Use constructive self-language. In a word, watch your inner dialogue. If you’re the queen or king of the negative pep rally (I can’t believe how cluttered my closet is. I’m such a slob. I’ll never get out from under. No wonder I didn’t get that promotion….), you must stop. You are literally setting yourself up for a downward mood spiral.
There’s even the science to prove it. Barbara L. Frederickson, PhD, author of "Positivity: Groundbreaking Research Reveals How to Embrace the Hidden Strength of Positive Emotions, Overcome Negativity, and Thrive," studied just this and found that for every negative event or thought we have, there needs to be a minimum of 2.9 positive events to get ourselves back on the road to feeling good.

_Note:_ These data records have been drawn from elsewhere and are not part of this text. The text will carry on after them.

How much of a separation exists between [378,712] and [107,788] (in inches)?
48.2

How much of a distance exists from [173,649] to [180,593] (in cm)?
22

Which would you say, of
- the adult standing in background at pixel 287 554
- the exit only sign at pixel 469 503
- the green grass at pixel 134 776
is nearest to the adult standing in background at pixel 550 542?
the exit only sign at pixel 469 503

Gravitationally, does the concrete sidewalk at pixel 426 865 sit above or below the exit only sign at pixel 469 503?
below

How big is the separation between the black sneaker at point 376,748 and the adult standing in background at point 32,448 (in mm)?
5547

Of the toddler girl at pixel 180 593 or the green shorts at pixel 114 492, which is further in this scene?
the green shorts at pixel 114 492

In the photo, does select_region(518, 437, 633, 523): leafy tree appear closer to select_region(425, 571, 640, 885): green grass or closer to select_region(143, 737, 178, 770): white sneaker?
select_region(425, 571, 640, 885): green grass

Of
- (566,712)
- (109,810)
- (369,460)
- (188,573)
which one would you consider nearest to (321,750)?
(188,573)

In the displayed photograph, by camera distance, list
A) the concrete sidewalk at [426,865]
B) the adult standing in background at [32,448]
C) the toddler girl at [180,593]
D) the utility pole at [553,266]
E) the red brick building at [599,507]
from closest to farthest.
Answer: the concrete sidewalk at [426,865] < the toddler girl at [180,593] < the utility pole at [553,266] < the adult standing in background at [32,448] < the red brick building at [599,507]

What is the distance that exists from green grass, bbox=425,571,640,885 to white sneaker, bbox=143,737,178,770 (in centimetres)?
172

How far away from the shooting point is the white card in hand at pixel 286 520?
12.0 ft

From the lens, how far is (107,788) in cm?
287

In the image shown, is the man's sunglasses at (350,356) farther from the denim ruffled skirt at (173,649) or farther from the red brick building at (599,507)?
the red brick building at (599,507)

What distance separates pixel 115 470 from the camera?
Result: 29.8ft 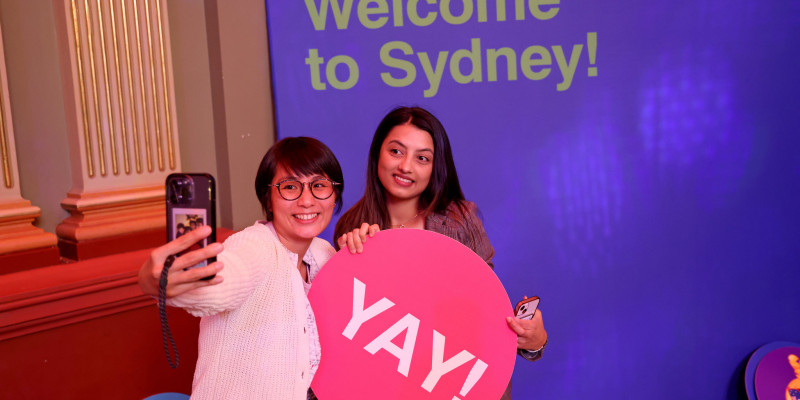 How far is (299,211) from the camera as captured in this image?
1227mm

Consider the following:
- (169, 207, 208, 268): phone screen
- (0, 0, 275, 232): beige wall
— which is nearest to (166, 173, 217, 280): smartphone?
(169, 207, 208, 268): phone screen

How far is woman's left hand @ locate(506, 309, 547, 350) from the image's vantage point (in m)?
1.37

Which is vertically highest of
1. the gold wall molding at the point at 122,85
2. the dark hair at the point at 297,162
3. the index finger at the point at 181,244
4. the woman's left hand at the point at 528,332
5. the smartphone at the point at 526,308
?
the gold wall molding at the point at 122,85

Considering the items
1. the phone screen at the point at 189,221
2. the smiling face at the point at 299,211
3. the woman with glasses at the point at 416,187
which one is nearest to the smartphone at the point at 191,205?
the phone screen at the point at 189,221

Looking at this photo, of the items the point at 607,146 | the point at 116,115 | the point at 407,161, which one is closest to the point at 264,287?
the point at 407,161

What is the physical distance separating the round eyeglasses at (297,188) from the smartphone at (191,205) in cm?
31

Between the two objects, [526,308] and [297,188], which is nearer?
[297,188]

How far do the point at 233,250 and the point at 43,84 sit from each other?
1.31m

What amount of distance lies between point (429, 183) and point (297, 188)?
0.51 metres

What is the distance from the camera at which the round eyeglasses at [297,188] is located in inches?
48.4

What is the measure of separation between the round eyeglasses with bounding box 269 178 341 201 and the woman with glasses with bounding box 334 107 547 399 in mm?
290

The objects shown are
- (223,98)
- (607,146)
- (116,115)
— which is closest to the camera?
(116,115)

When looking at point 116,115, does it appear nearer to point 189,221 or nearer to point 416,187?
point 416,187

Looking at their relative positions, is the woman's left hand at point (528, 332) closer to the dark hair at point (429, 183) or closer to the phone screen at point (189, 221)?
the dark hair at point (429, 183) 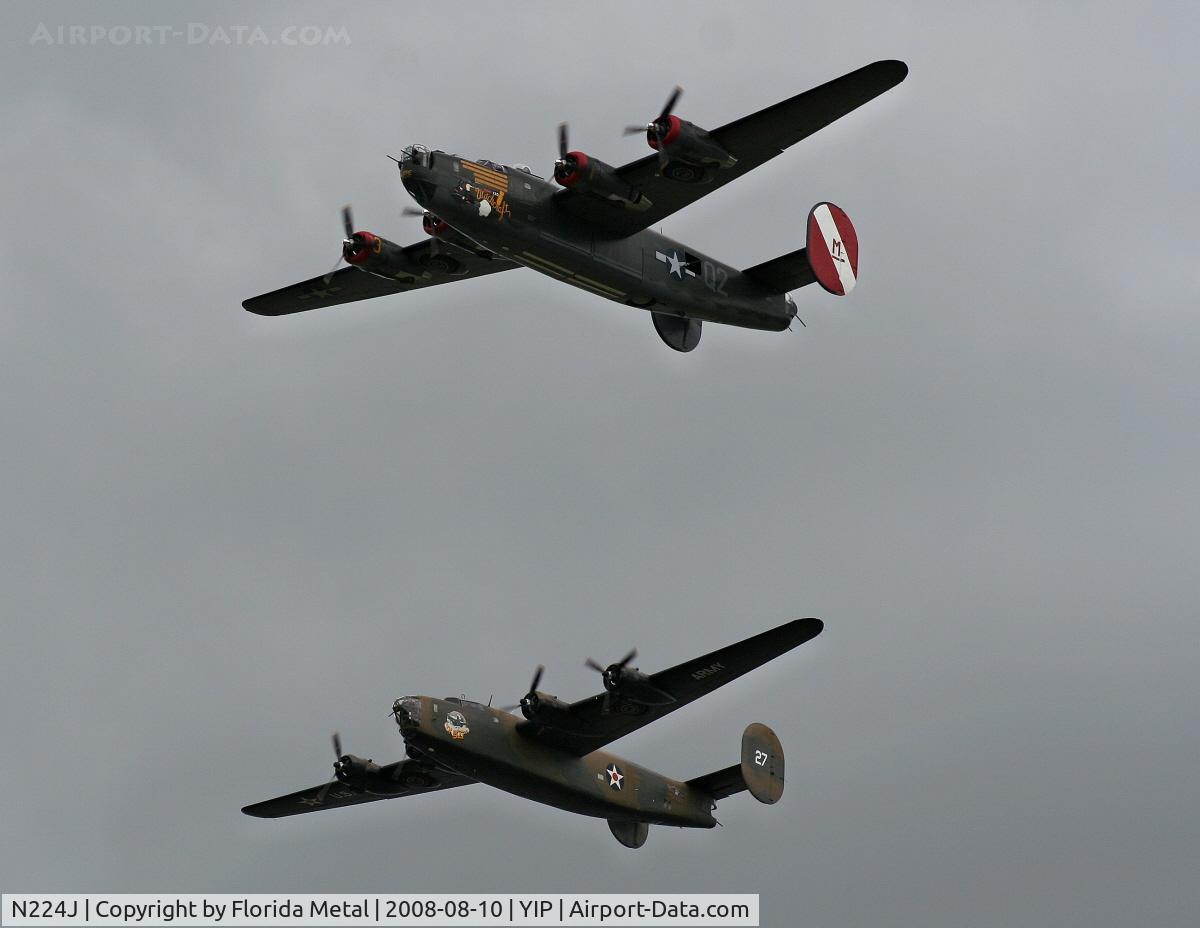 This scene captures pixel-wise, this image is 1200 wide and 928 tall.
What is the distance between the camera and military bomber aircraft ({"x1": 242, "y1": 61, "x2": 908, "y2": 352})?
1366 inches

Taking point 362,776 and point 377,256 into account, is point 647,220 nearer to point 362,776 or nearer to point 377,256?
point 377,256

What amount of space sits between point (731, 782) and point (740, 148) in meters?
15.1

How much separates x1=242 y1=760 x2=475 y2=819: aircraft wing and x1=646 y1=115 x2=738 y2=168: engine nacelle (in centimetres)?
1511

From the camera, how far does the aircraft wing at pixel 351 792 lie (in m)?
44.1

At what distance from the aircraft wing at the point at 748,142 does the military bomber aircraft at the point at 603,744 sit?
28.5ft

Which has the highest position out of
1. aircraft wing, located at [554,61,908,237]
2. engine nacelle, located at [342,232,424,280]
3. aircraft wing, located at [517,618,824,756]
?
engine nacelle, located at [342,232,424,280]

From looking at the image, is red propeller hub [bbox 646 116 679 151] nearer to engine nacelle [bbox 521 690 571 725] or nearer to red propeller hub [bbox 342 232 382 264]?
red propeller hub [bbox 342 232 382 264]

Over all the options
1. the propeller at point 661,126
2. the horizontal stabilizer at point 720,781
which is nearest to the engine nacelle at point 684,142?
the propeller at point 661,126

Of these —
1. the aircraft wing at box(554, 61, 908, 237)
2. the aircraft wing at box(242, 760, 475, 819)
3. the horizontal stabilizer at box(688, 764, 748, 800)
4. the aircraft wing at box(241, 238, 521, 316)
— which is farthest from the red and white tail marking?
the aircraft wing at box(242, 760, 475, 819)

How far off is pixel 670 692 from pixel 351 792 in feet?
34.5

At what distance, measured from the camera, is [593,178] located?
35312 mm

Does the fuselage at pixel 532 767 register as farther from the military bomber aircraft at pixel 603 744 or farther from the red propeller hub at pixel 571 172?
the red propeller hub at pixel 571 172

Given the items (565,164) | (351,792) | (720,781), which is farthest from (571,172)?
(351,792)

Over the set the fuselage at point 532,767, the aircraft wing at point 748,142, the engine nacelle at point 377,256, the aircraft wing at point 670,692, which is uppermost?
the engine nacelle at point 377,256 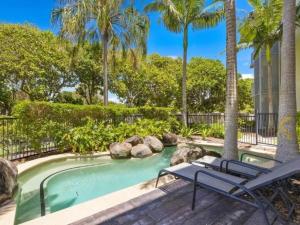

Summed up simply, negative thoughts lead to a negative state of mind. Positive thoughts equal feeling positive. It’s not rocket science, and yet it’s amazing how many of us still fall into the negative thought trap.
Keep your distance from Debbie and David Downer. People who gossip and complain incessantly are sources of negative energy. “Instead, aim to surround yourself with good energy and people who have the outlook and vitality that you are seeking,” says Jonathan H. Ellerby, PhD, spiritual program director at the Canyon Ranch in Tucson, Arizona, and author of "Return to the Sacred: Ancient Pathways to Spiritual Awakening."
Take time to smell the roses and freshly cut grass. Smell is one of our strongest senses and can evoke pleasure and satisfaction. Feeling a bit tense? Break out the lawn mower. A new study found that breathing in the air from a freshly mown lawn releases chemicals in the brain that help relieve tension. Urban dweller? There are scented oils, perfumes, candles and even cleaning products made from the scent of grass. It’s not clear whether they’ll have the same effect as breathing in the real thing, but it can’t hurt to try. The scents of citrus, eucalyptus, mint and pine can also brighten your mood.